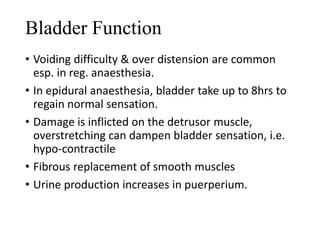 Bladder Function 
• Voiding difficulty & over distension are common 
esp. in reg. anaesthesia. 
• In epidural anaesthesia, bladder take up to 8hrs to 
regain normal sensation. 
• Damage is inflicted on the detrusor muscle, 
overstretching can dampen bladder sensation, i.e. 
hypo-contractile 
• Fibrous replacement of smooth muscles 
• Urine production increases in puerperium. 
 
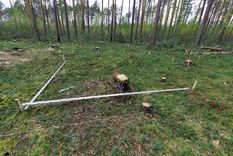 El descubrimiento se produjo apenas 90 minutos después de iniciar la excavación.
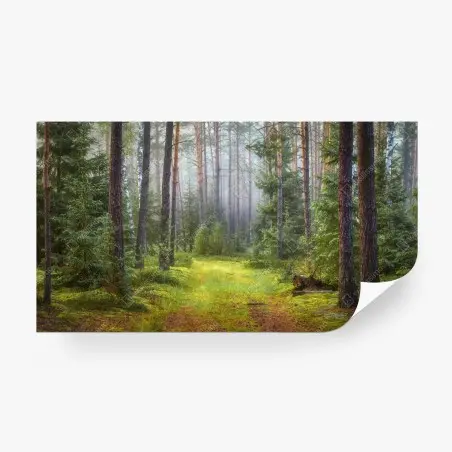 Fototapete nebliger kiefernwald mit pfad – Wallnifity®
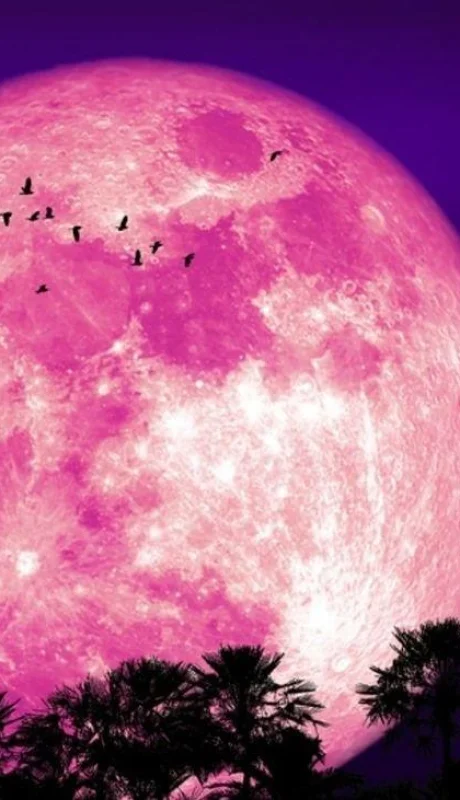 superluna-de-fresa-shutterstock-0-0-1200-747-jpg.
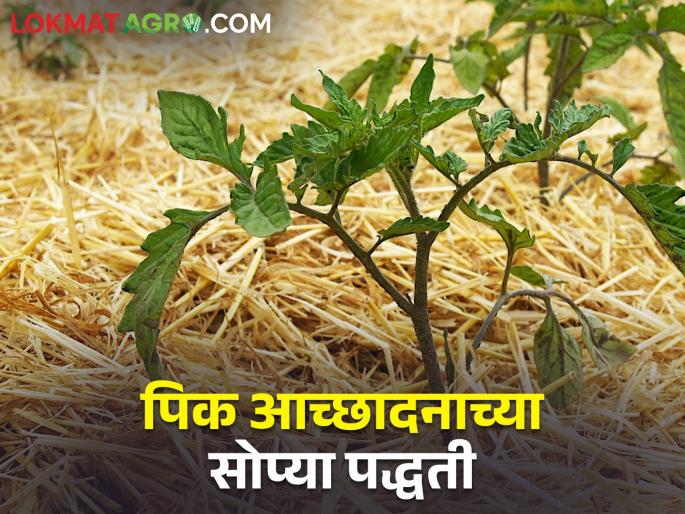 Summer has come.. Crops are getting less water; Use this technique to increase production | आला उन्हाळा.. पिकांना पाणी कमी पडतंय; करा या तंत्राचा वापर वाढेल उत्पादन Summer has come.. Crops are getting less water; Use this technique to increase production | आला उन्हाळा.. पिकांना पाणी कमी पडतंय; करा या तंत्राचा वापर वाढेल उत्पादन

**WHAT NEEDS TO BE DONE**
Transcribe all the entries precisely. Do not include any picture.

**EXERCISE SOLUTION**
 Bladder Function 
• Voiding difficulty & over distension are common 
esp. in reg. anaesthesia. 
• In epidural anaesthesia, bladder take up to 8hrs to 
regain normal sensation. 
• Damage is inflicted on the detrusor muscle, 
overstretching can dampen bladder sensation, i.e. 
hypo-contractile 
• Fibrous replacement of smooth muscles 
• Urine production increases in puerperium. 
 
 El descubrimiento se produjo apenas 90 minutos después de iniciar la excavación.
 Fototapete nebliger kiefernwald mit pfad – Wallnifity®
 superluna-de-fresa-shutterstock-0-0-1200-747-jpg.
 Summer has come.. Crops are getting less water; Use this technique to increase production | आला उन्हाळा.. पिकांना पाणी कमी पडतंय; करा या तंत्राचा वापर वाढेल उत्पादन Summer has come.. Crops are getting less water; Use this technique to increase production | आला उन्हाळा.. पिकांना पाणी कमी पडतंय; करा या तंत्राचा वापर वाढेल उत्पादन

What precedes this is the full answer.